Es sind die pompösen Bilder des fettleibigen Prunksüchtigen mit den Fantasieuniformen, seine Marotten als „Reichsjägermeister“, der im Keller mit der riesigen Modelleisenbahnanlage spielte und Unmengen an Kunstwerken für sich rauben ließ, die für ein Image in der Nachkriegszeit sorgten, das mit allerlei filmreifen Anekdoten und Mythen fast so etwas wie die Erscheinung eines „Nazis mit jovialem Gehabe“ erzeugten.
Wie weit dieses Bild vom tatsächlichen Sein und Wirken Görings entfernt ist, stellt Andreas Molitor jetzt heraus mit „Hermann Göring. Macht und Exzess“, der ersten umfassenden Biografie zu der Nazi-Größe seit Jahrzehnten. Der Autor gilt als Journalist mit ausgewiesener Expertise in historischen Themen und fundierte seine Ausführungen mit den aktuellsten wissenschaftlichen Erkenntnissen.
Ein grundlegender Ansatz für das Verstehen der wahren Natur Görings ist dabei dessen bis dato eher vernachlässigten Kindheit und Jugend, die hier zu dem Gesamturteil „desaströs“ kommt. In gehobene Kreise geboren, sorgt von Beginn an eine hohe seelisch-emotionale Vernachlässigung durch Abschieben, Pflegefamilien und steter Benachteiligung gegenüber seine Geschwistern für eine deformierte Persönlichkeitsentwicklung.
So wie Molitor nüchtern aber detailliert darlegt, waren diese frühen Erfahrungen der breit angelegte Nährboden für einen emotionsunfähigen, berechnenden und bösartigen Narzissten mit einer gefährlichen Mischung aus Geltungssucht, Gier, Prunksucht und vor allem Skrupellosigkeit.
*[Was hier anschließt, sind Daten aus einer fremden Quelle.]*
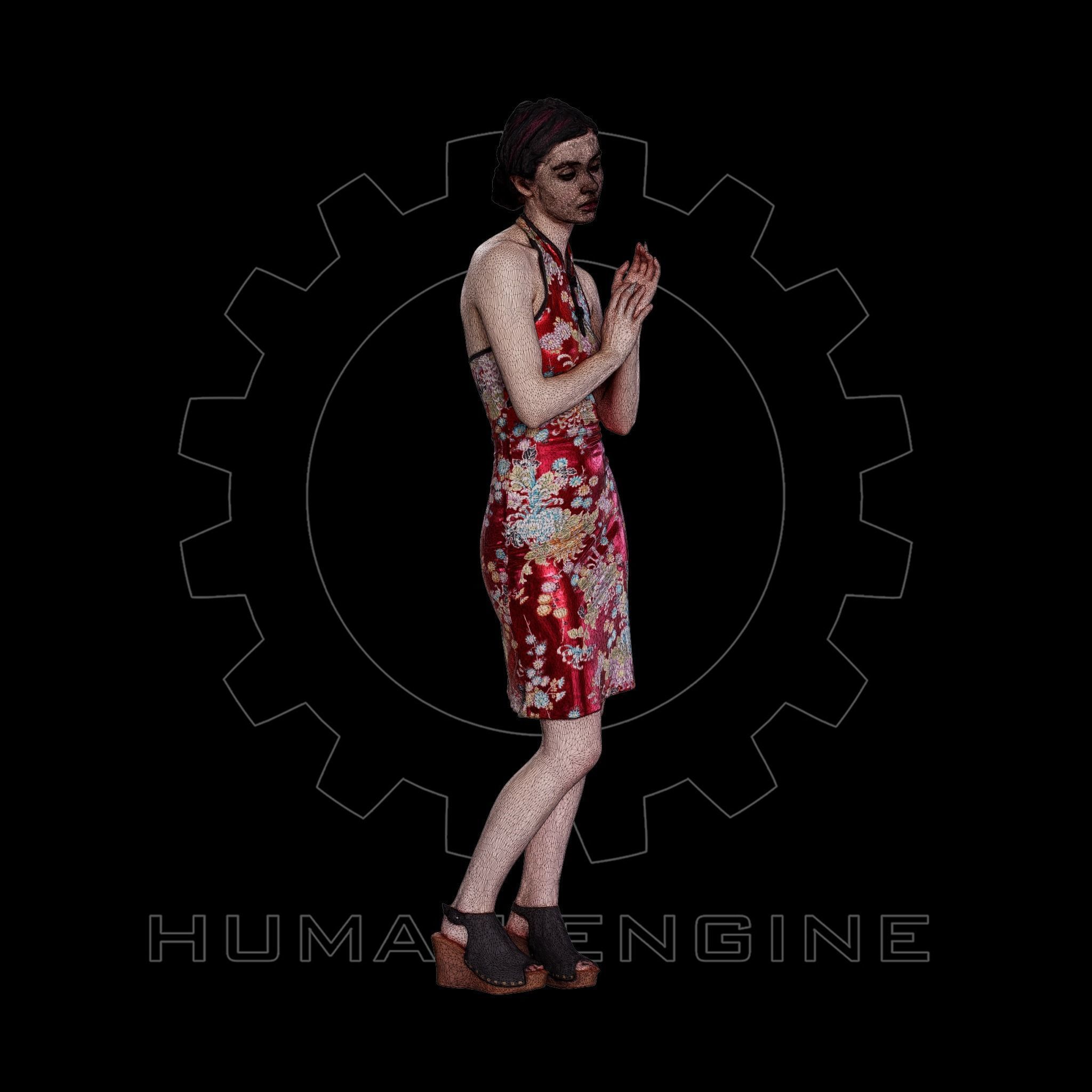 Female Scan - Amy in Chinese Style Dress 144 3D model_4
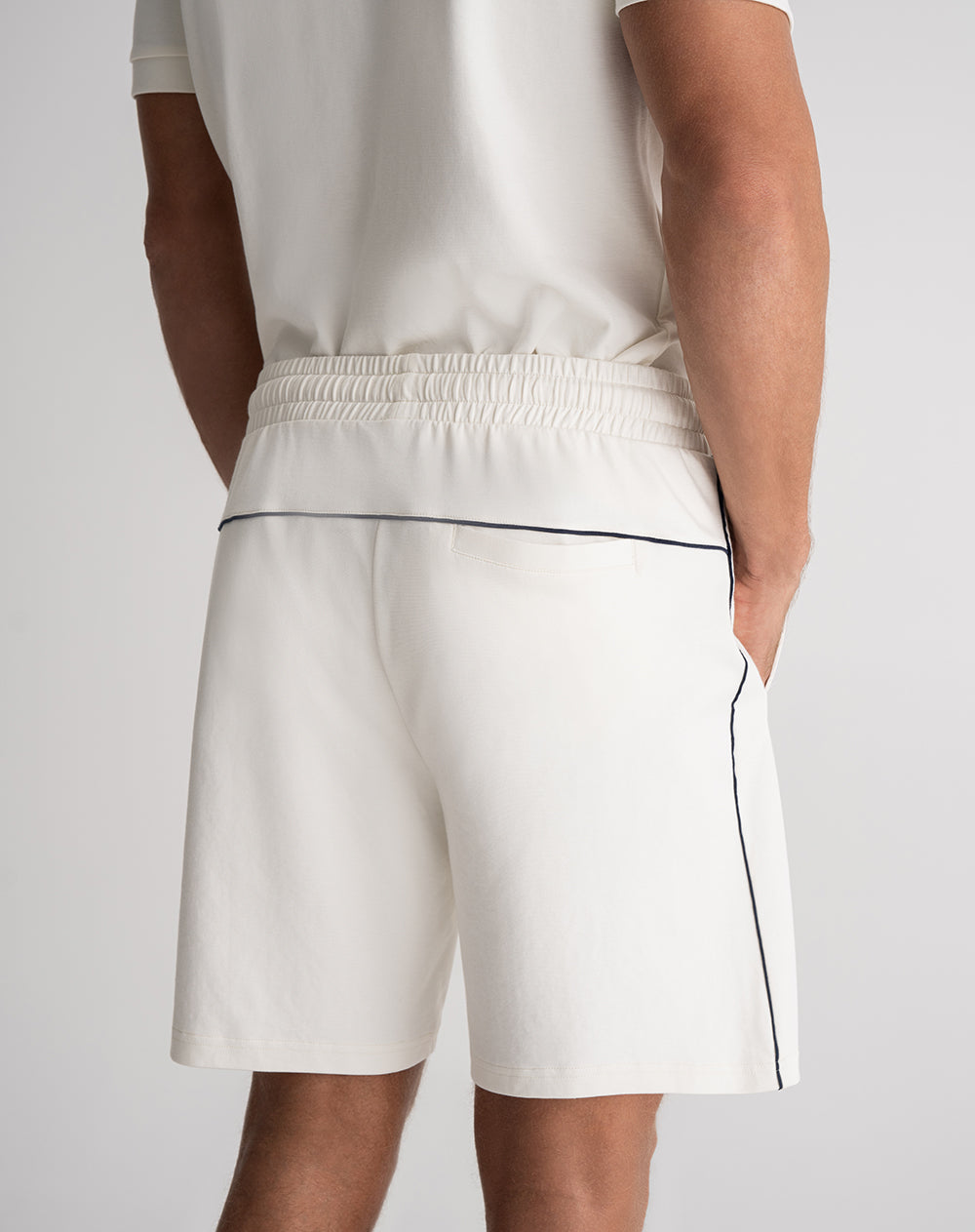 Bermuda algodón regular crema hombre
Der Biograf widerlegt im Übrigen die immer wieder gepflegte Mär, dass Görings Verhalten vor allem als Reichsluftmarschall und Wirtschaftslenker von seiner Opiumsucht geprägt gewesen sei. Die hatte Göring in den frühen 20er Jahren durchlitten nach Schussverletzungen beim misslungenen Hitler-Ludendorff-Putsch von 1923, war nach einer Entziehungskur jedoch nicht wieder rückfällig geworden..
Unbestritten war Göring allerdings tablettensüchtig und fiel nach den ersten großen persönlichen Misserfolgen häufig durch kaum begreifliche Teilnahmslosigkeit und Schläfrigkeit auf. Wenig beachtet blieb in den Schilderungen Görings oft, dass er bei seinem oft exaltierten Verhalten immerhin einen IQ von 138 aufwies und damit intellektuell hochbegabt war.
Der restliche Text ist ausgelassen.